Problem Statement: We are trying to Predict the price of Health Insurace that a person need to pay to an insurance company.
Solution: TO solve the business problem we will be using machine learning models to predict the price of the Health Insurance. Since this a regression problem here we are given Xi's and Yi so we need to predict the out put which is Yi So you will be knowing that Regression is defined as Yi=Xi for any R^d or R real value.
Data Set: Our data set contains of following columns 1. Age 2.Sex 3.BMI 4. Number of children 5. Smoker 6. Region 7. Charges (output) Data Pre-processing steps:1. we need to find any missing values or null values is present in our data. 2. We need to find any outliers is there in our data. Feature Engineering: Since we all know that in order to apply Machine Learning we should convert all categorical variable to numerical format.
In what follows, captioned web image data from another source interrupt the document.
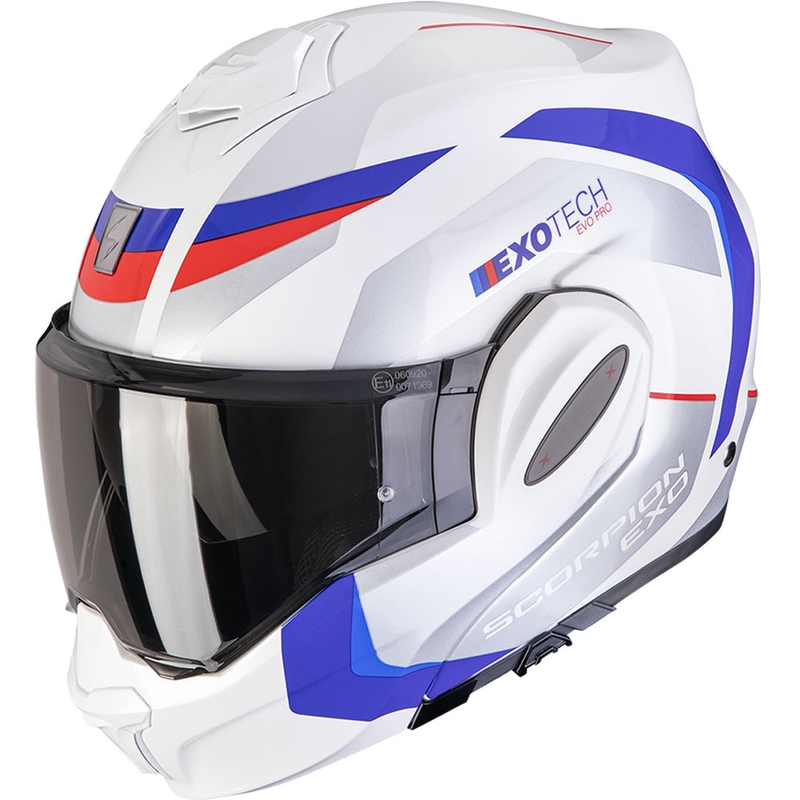 Saliekamā moto ķivere Scorpion EXO-TECH EVO PRO Accuti balta-zilā-sarkana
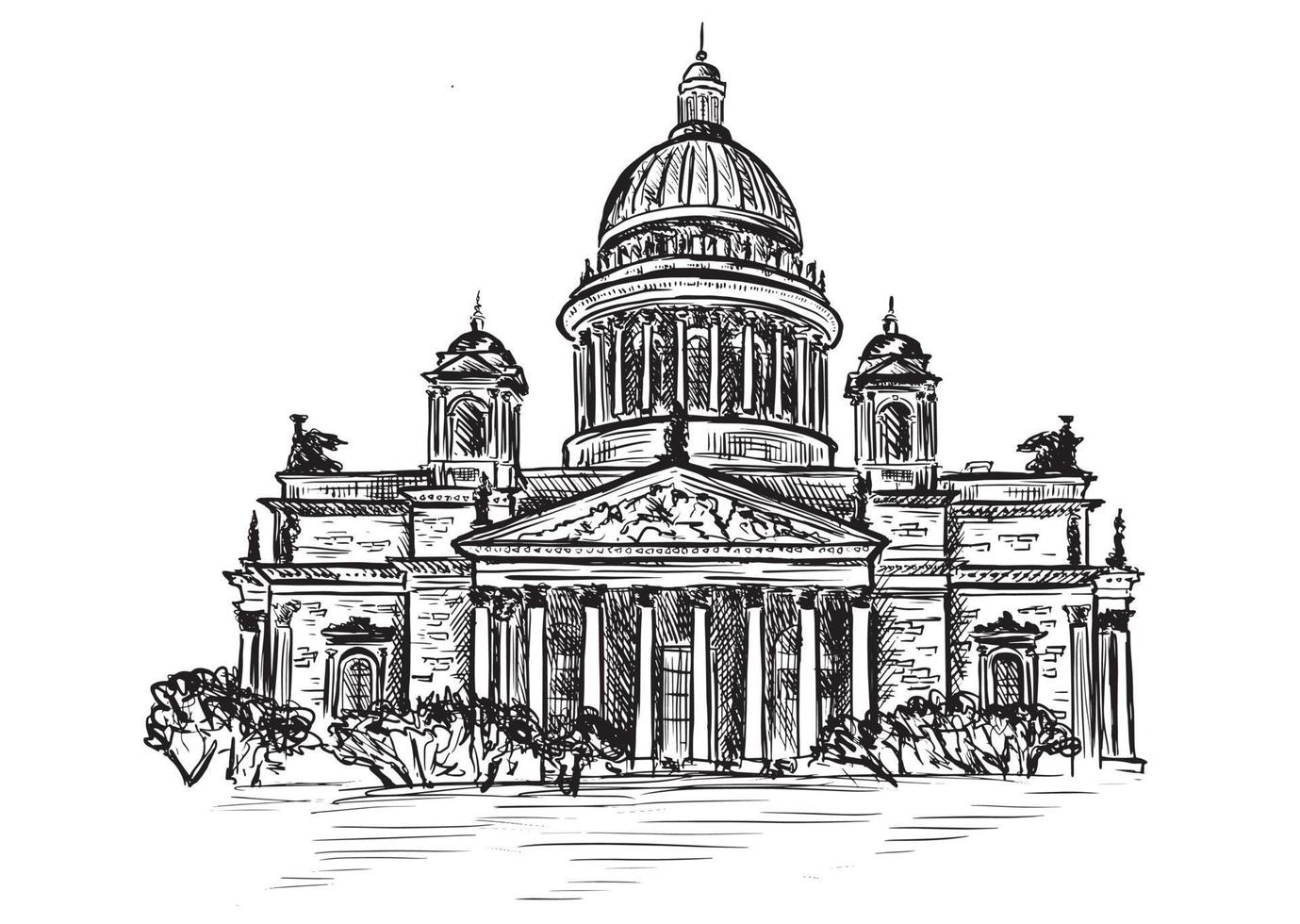 cathédrale saint isaac à st. Pétersbourg, Russie. illustration de croquis dessinés à la main vecteur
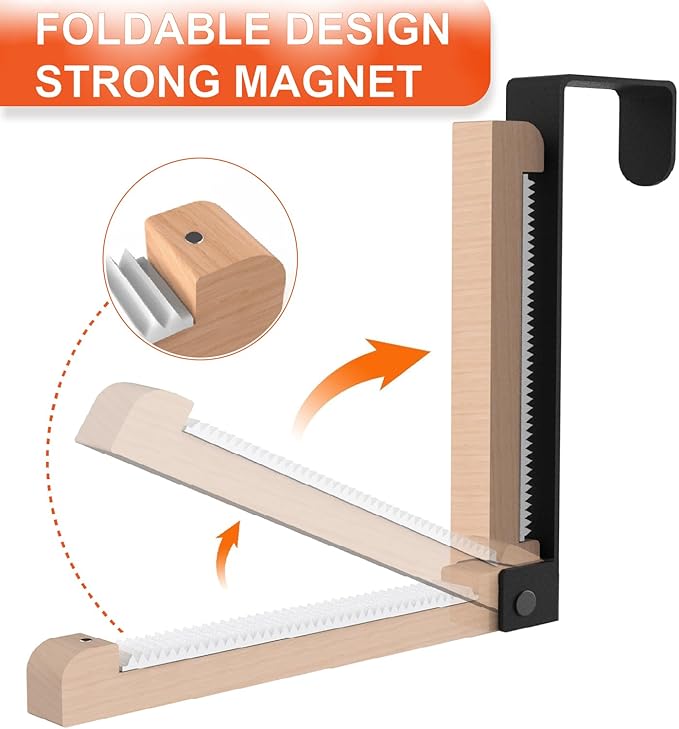 2-Pack Over Door Hooks, Foldable Heavy Duty Black, Space-Saving Hangers for Coats, Towels & Robes - Bathroom, Bedroom, Closet Organizer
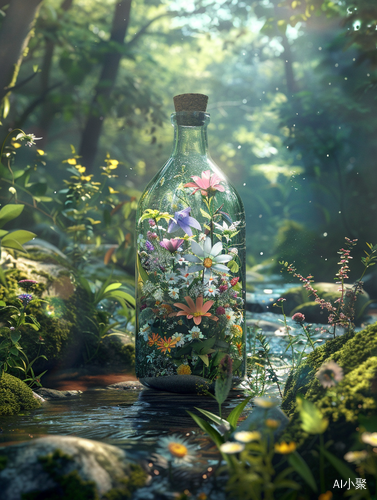 Dreamy Forest Stream Bottle: Hyperrealistic Photography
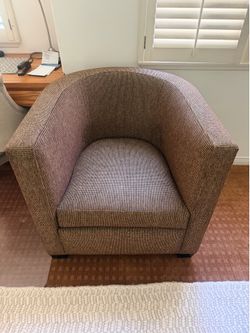 Like New; Barrel chair, brown & gold, textured performance tweed fabric.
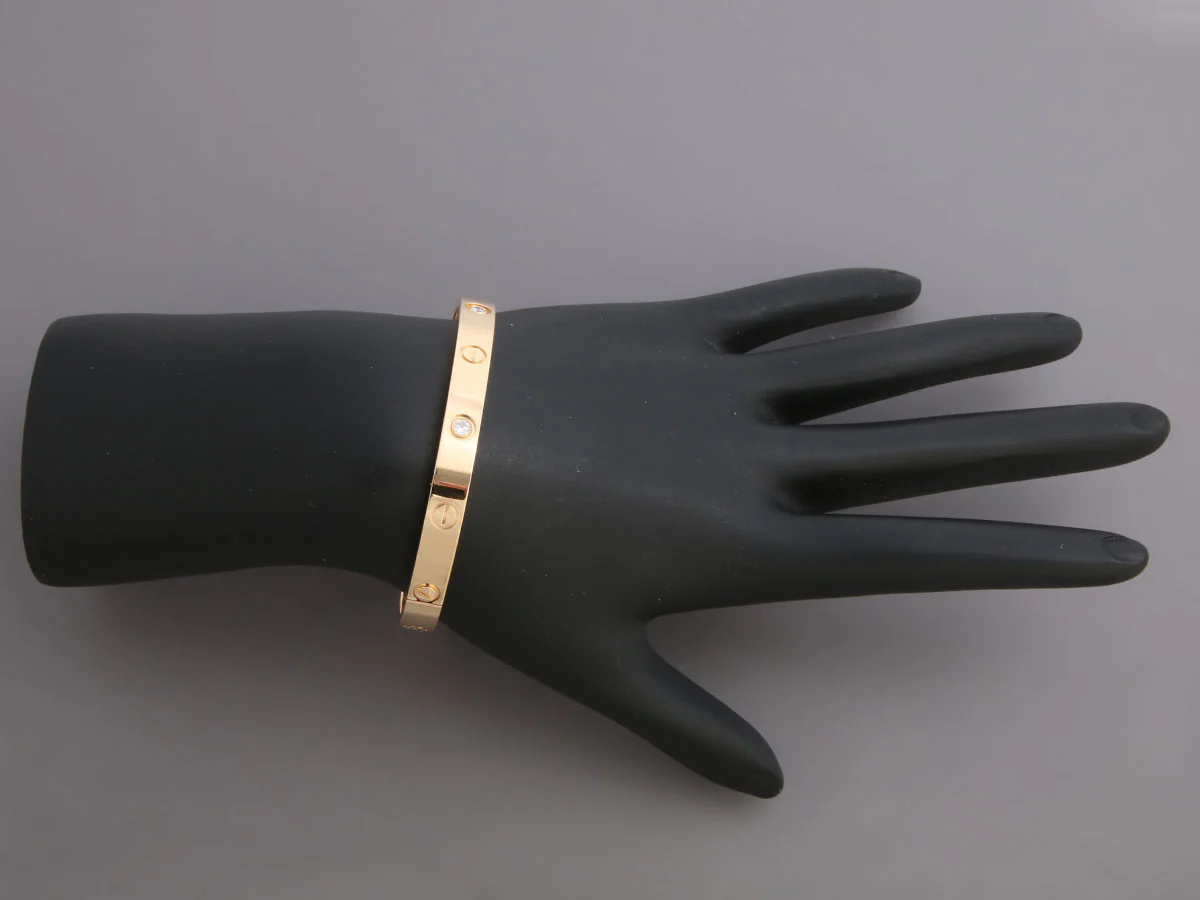 Cartier 18K Yellow Gold 4-Diamond Classic Love Bracelet 17 - Image 5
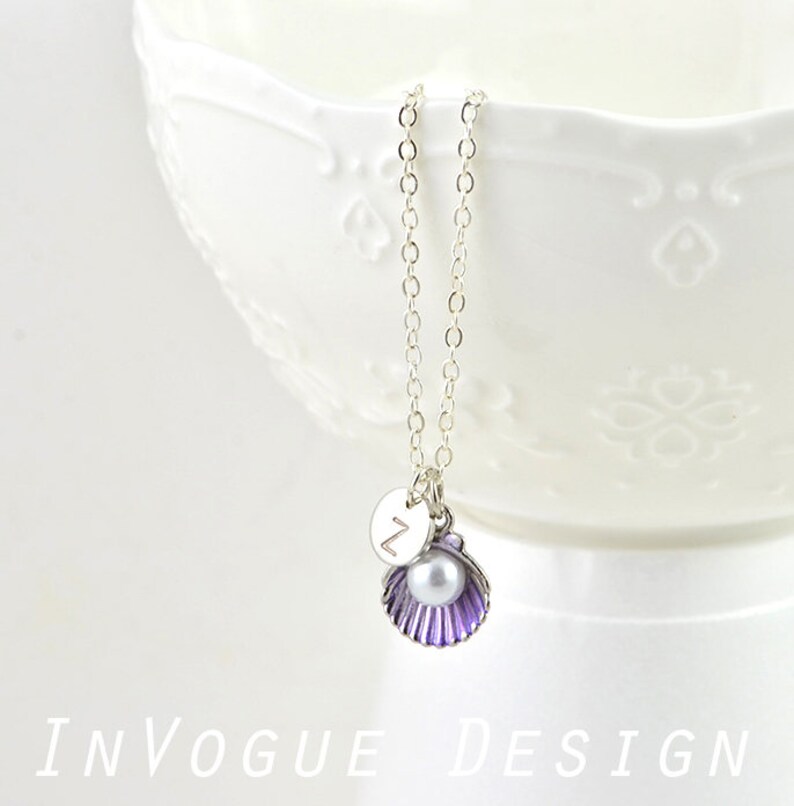 Simple Letter Necklace Personalised Purple Necklace Pearl Silver Necklace Purple Dainty Silver Personalised Initial Tiny SeaShell Necklace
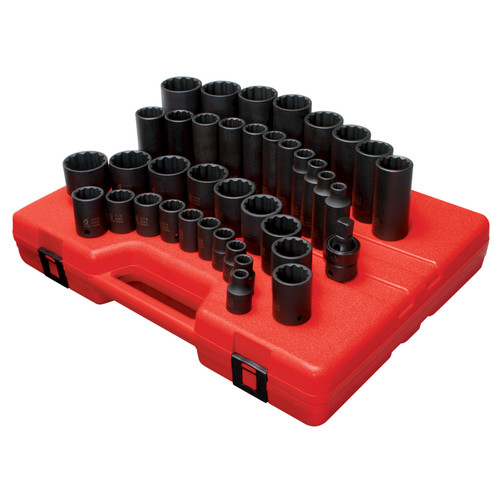 Sunex 2698 39-Piece 1/2 in. Drive 12-Point SAE Master Impact Socket Set image number 0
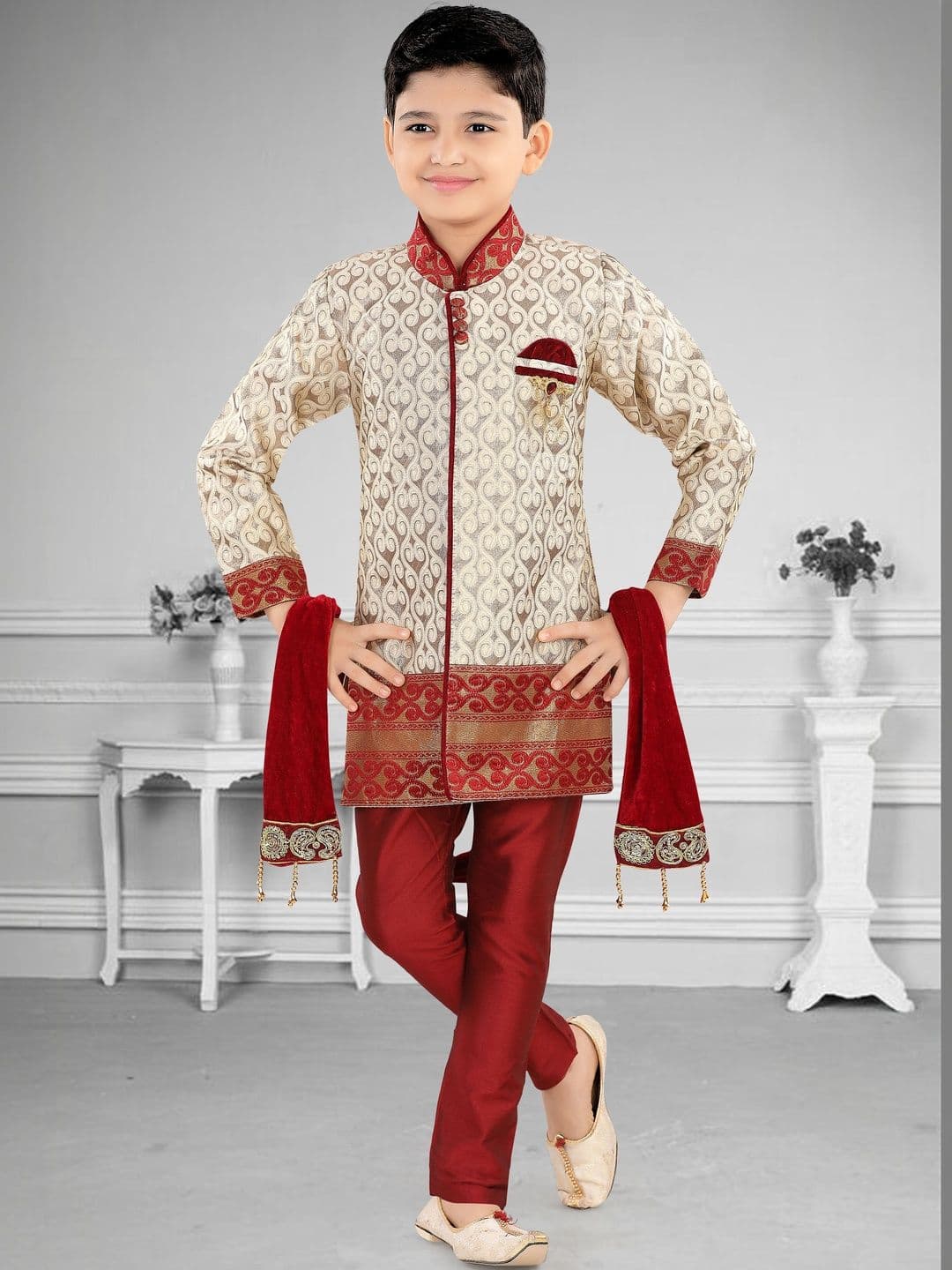 joley poley Boys Jacquard Wedding Sherwani Set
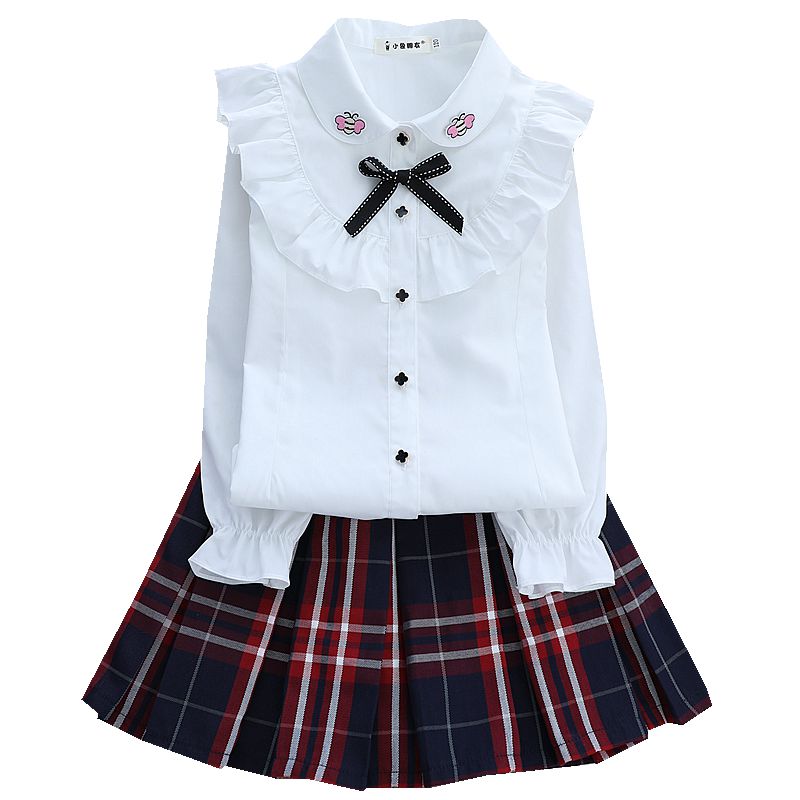 儿童衬衣女童白色衬衫洋气长袖韩版小学寸衫女大童纯棉打底衫女孩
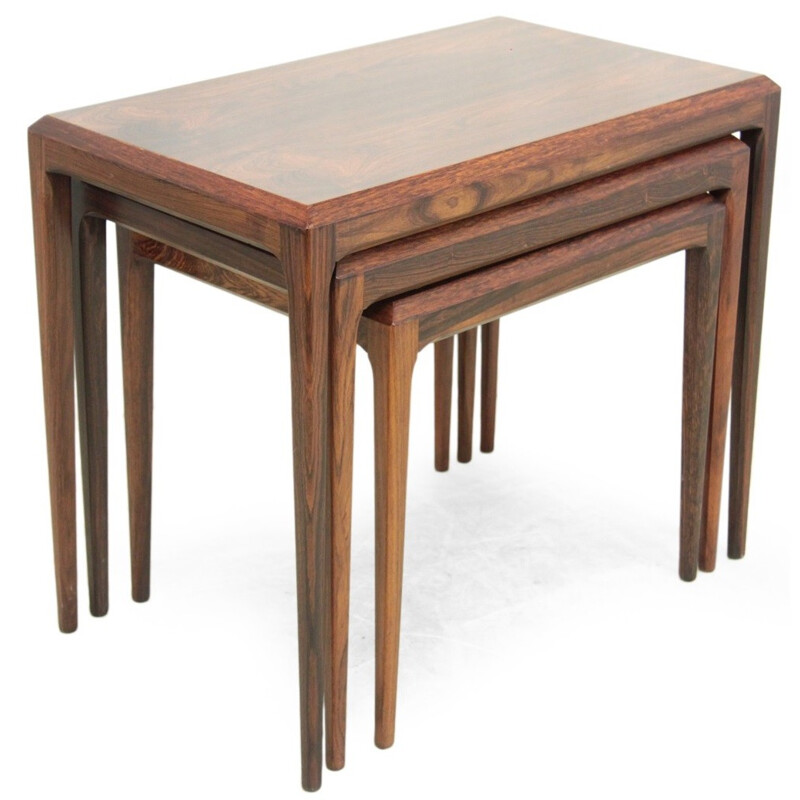 Set of Silkeborg nesting tables in rosewood, Johannes ANDERSEN - 1960s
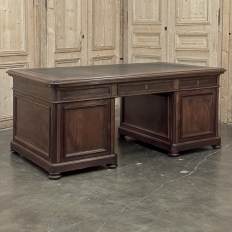 19th Century French Louis Philippe Period Executive Desk in Mahogany with Leather Top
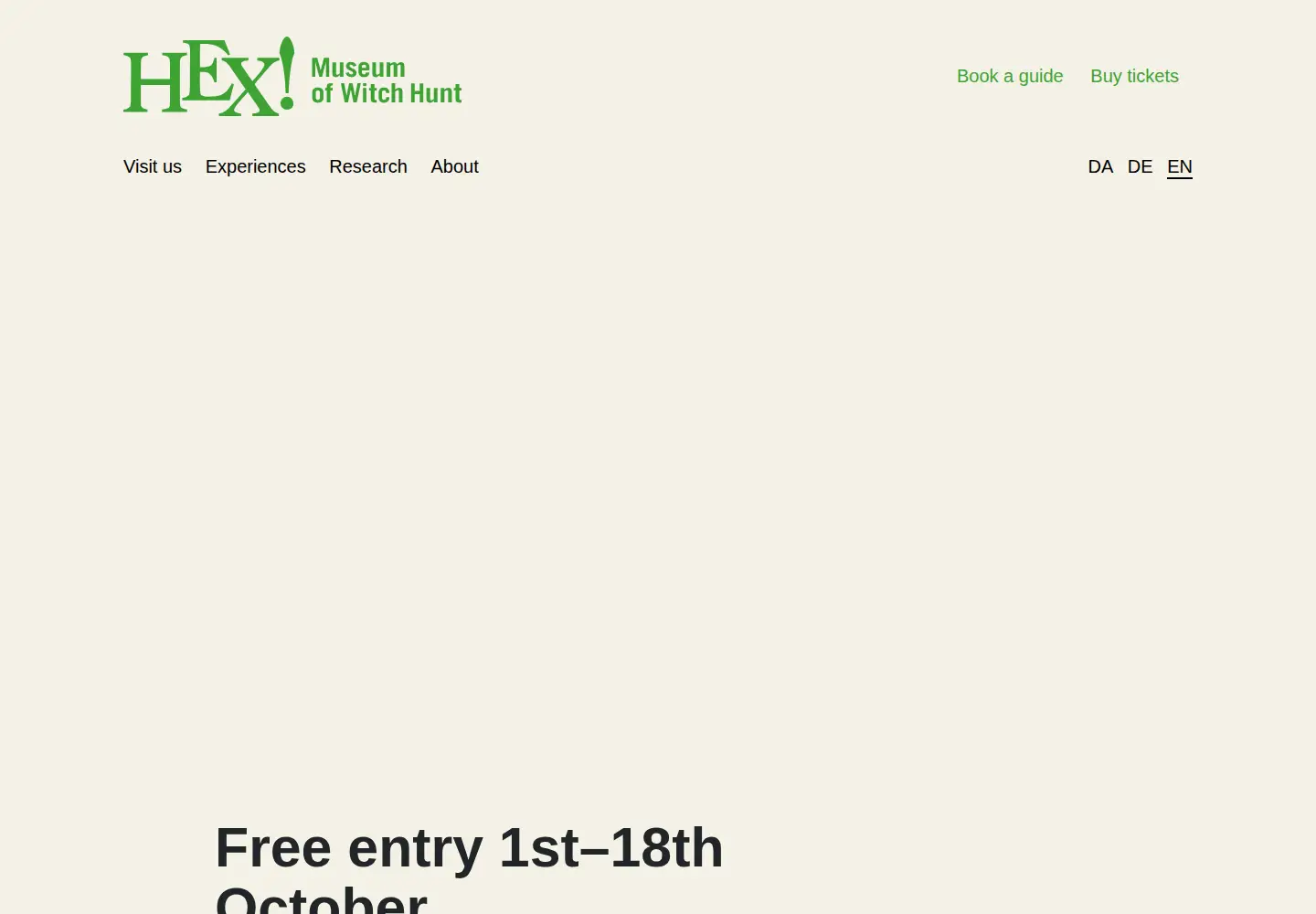 Captured homepage of hexmuseum.dk in the current scan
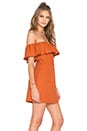view 2 of 4 Ruffle Off Shoulder Dress in Cinnamon Stick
So here we have converted few categorical variables to numberical format.
Then after feature Engineering and data cleaining process we are proceeding with building Machine Learning Models.
Machine Learning: We have applied below models to our train data set 1. Linear Regression 2. SVM (Support Vector Machine) 3. RandomForest 4. GradientBoosting
Conclusion: Random Forest is predicting more closely to actual value than other models so we will be using Random Forest to Predict the price of Health Insurace.